### TO DO
Everything in the data except the pictures belongs in your answer, copied exactly.

### DATASET EXTRACT
-=-=-=-=-

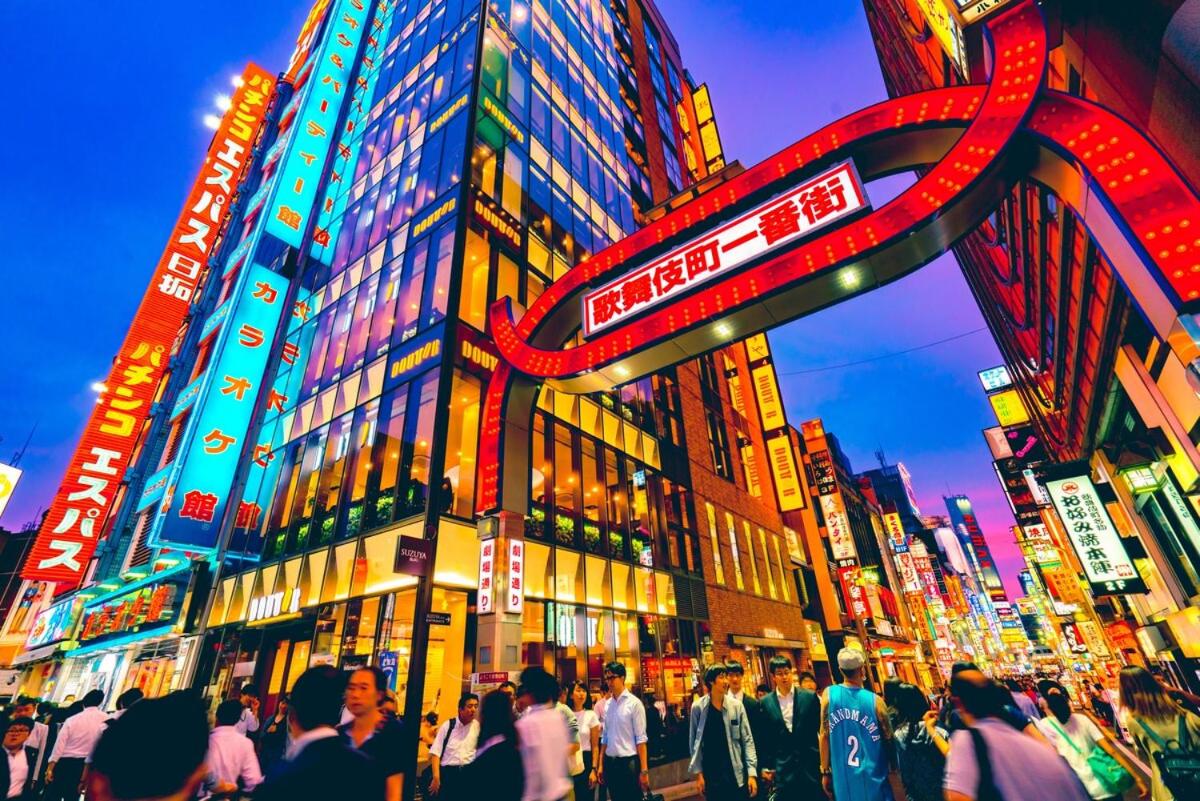 Higashi-Shinjuku 905 - 3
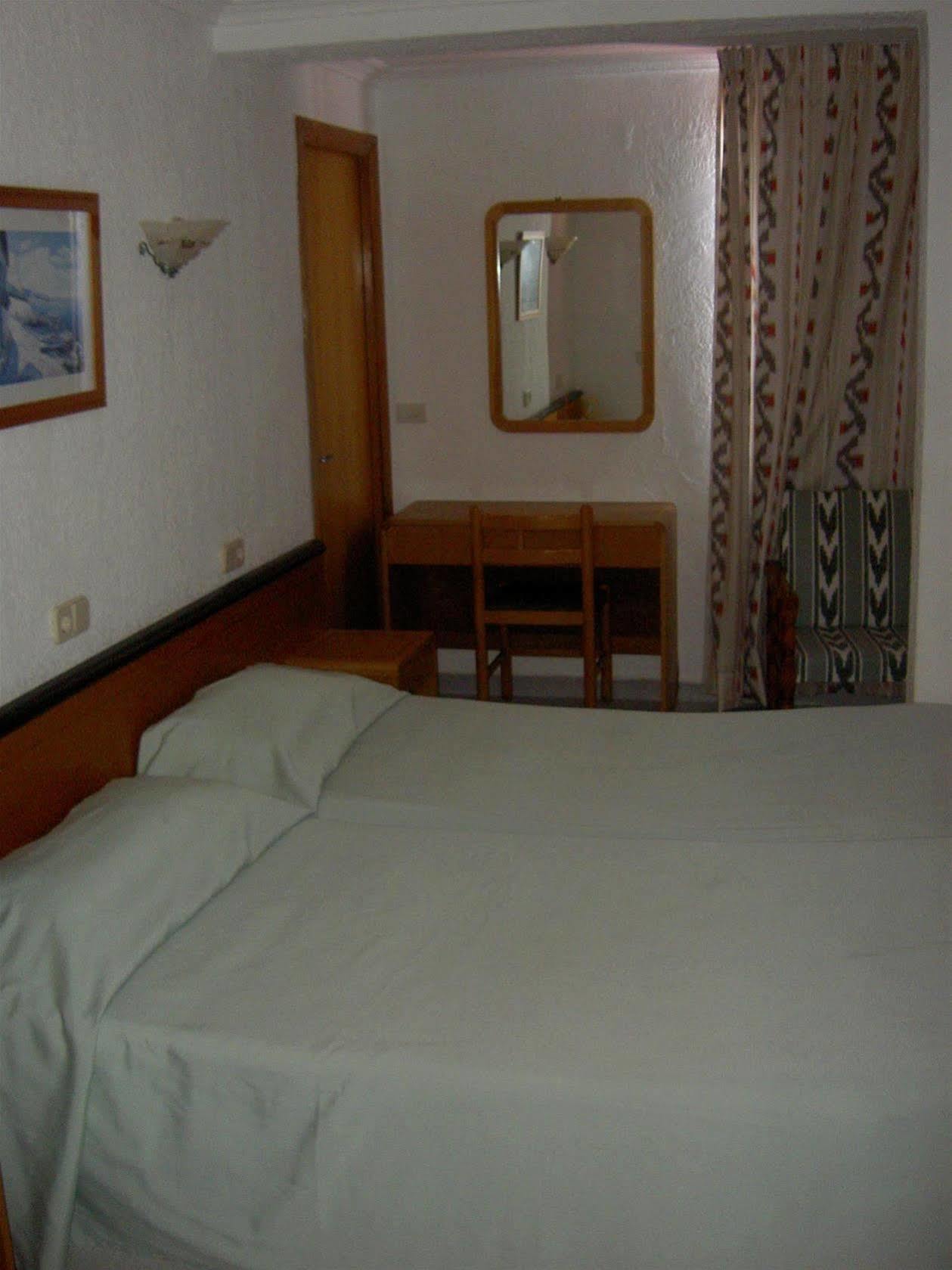 Hostal Port Corona كالا راتخاذا المظهر الخارجي الصورة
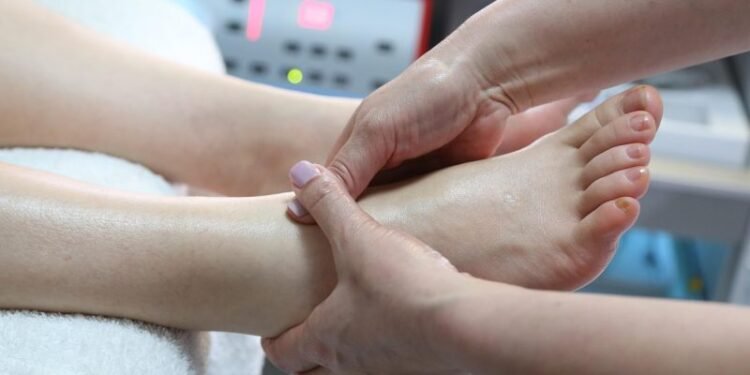 Jornada de cuidados y belleza para pies y manos de pacientes oncológicos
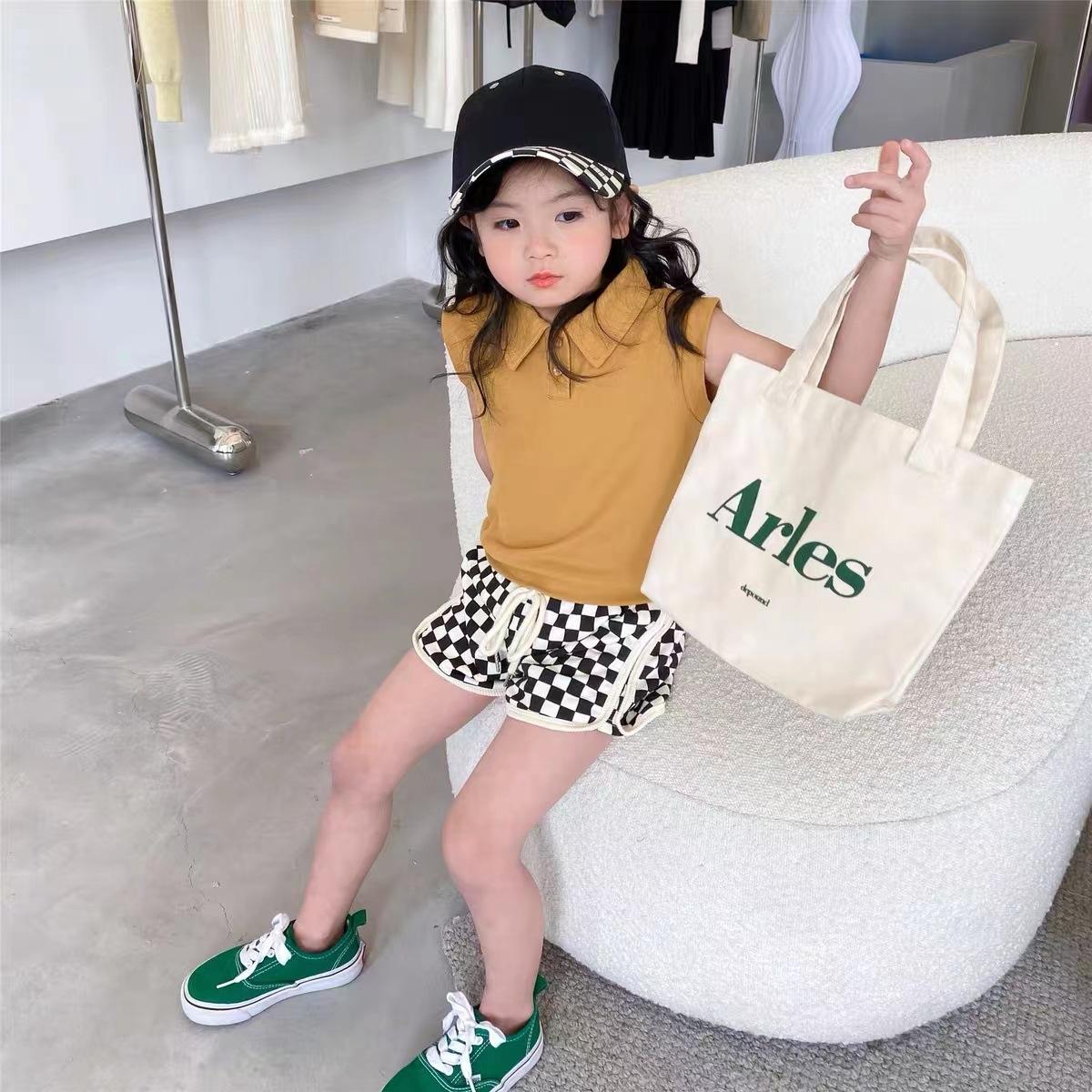 y033 - Korean children's clothing boys summer sports suit children's solid color tops shorts girls foreign style fashionable two-piece suit - Image 8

-=-=-=-=-

### SOLUTION
 Higashi-Shinjuku 905 - 3
 Hostal Port Corona كالا راتخاذا المظهر الخارجي الصورة
 Jornada de cuidados y belleza para pies y manos de pacientes oncológicos
 y033 - Korean children's clothing boys summer sports suit children's solid color tops shorts girls foreign style fashionable two-piece suit - Image 8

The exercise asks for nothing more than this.